The National Football Foundation & College Hall of Fame (NFF), announced today the recipients of four of the NFF's 2010 Major Awards.

They include:

Outstanding Contribution to Amateur Football Award
Dr. Joseph Kearney
Longtime Athletics Administrator

John L. Toner Award
Robert E. Mulcahy III
Former Director of Athletics, Rutgers University

Chris Schenkel Award
Joe Starkey
Sports Broadcaster, University of California

Outstanding Football Official
Rogers Redding
SEC Coordinator of Officiating

The winner of the Foundation's highest honor, the Gold Medal, as well as the Distinguished American Award recipient will be announced in the coming weeks via national press release.

"The 2010 recipients of these awards have given tirelessly to college football, and it is a privilege to recognize them for their dedication," said NFF President & CEO Steve Hatchell. "They now join an elite few who have claimed these national awards as college football pioneers who have made significant contributions in their respective professions."

Each honoree will accept his award at the NFF Annual Awards Dinner on December 7, 2010, at the Waldorf-Astoria in New York City. Kearney, who passed away May 5 of this year, will be represented by his family. Also that evening, the NFF will recognize the National Scholar-Athlete class (announced in the fall); award the Campbell Trophy, endowed by HealthSouth; and induct the 2010 Football Bowl Subdivision College Football Hall of Fame Class.

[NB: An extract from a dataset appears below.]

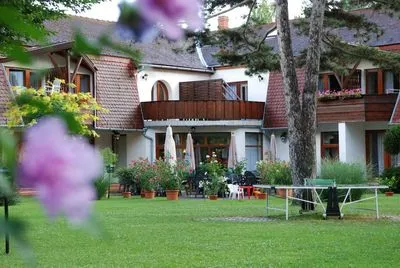 Building hotel Kentaur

For ticket information to the NFF Annual Awards Dinner in New York City, please contact Will Rudd at 800.486.1865 or via email at wrudd@footballfoundation.com.

Outstanding Contribution to Amateur Football Award
This award is intended to provide national recognition to an individual whose efforts and activities in support of the Foundation and its goals have been local in nature. It also applies to individuals who have made significant contributions to the game of football either to the manner in which it is played and coached or to the manner in which it is enjoyed by spectators.

Dr. Joseph Kearney: Longtime Athletics Administrator
As one of the most highly respected administrators in the country, Kearney left an indelible mark on the gridiron throughout his nearly 30 years in college athletics.

Kearney's career began as an assistant athletics director under former University of Washington coach and athletics director Jim Owens. After Owens dropped his administrative duties to focus solely on football, Kearney was appointed to the helm, serving as Huskies' athletics director from 1969-76. He is credited with hiring legendary UW head coach Don James, who was inducted into the College Football Hall of Fame in 1997.

He was hired as Michigan State's athletics director in 1976, and the Spartans would go on to claim 11 Big Ten championships during his tenure. MSU captured conference titles in football, basketball and baseball in 1978-79, winning the NCAA men's basketball championship the same year. He also hired College Football Hall of Fame coaching nominee Darryl Rogers, who led the Spartans to national acclaim.

After a one-year stint as athletics director at Arizona State, Kearney was hired as the Western Athletic Conference Commissioner in 1980, a post he would hold until his retirement in 1994. Under his tutelage, the conference crowned its first national football champion (BYU, 1984); earned its first Heisman and Outland Trophy winners; and oversaw the expansion to add Fresno State. For his devotion to intercollegiate athletics and its betterment, he was awarded NACDA's prestigious Corbett Award in 1991.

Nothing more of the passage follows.